Question

# Consider the following system at equilibrium where H° = -111 kJ, and Kc = 0.159, at...

Consider the following system at equilibrium where H° = -111 kJ, and Kc = 0.159, at 723 K.

N2(g) + 3H2(g) --> 2NH3(g) When 0.32 moles of H2(g) are removed from the equilibrium system at constant temperature:

1- the value of Kc

A. increases.

B. decreases.

C. remains the same.

2- the value of Qc

A. is greater than Kc.

B. is equal to Kc.

C. is less than Kc. t

3- the reaction must:

A. run in the forward direction to reestablish equilibrium.

B. run in the reverse direction to reestablish equilibrium.
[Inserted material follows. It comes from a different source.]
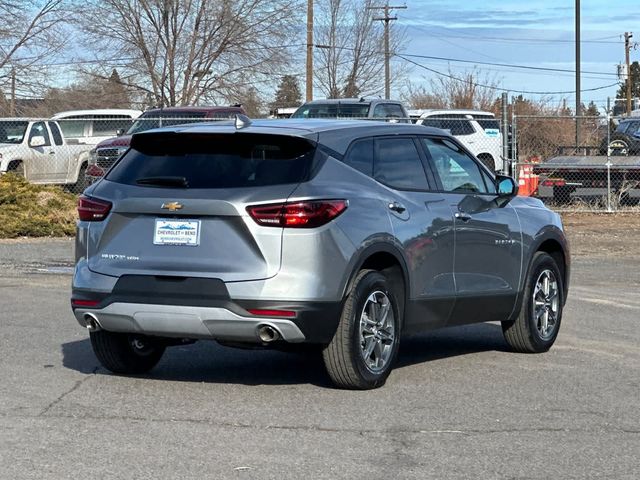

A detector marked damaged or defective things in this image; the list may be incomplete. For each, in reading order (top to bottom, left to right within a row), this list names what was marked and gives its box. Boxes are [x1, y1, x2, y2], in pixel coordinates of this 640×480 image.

pavement crack [38, 368, 99, 416]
C. remain the same. It is already at equilibrium.

4-the concentration of N2 will:

A. increase.

B. decrease.

C. remain the same.

The given reaction is at equilibrium, therefore, any disturbance will move the reaction in the direction which will nullify the change according to the Le Chateliers principle. Hence, when 0.32 moles of H2 are removed from the equilibrium the reaction will move backward to form H2 and N2 to compensate the loss of H2 from the system. This will lead to a decrease in product NH3.

1) Kc remains the same. Since there is no temperature change. Kc changes when the temperature changes.

2) Since the reaction will shift to the left to nullify the effect of H2 removed. Therefore, the reaction coefficient Qc is greater than Kc.

3) The reaction must run in the reverse to reestablish the equilibrium.

4) Since the reaction will shift to the left more amount of N2 will be formed, hence, the concentration of N2 will increase.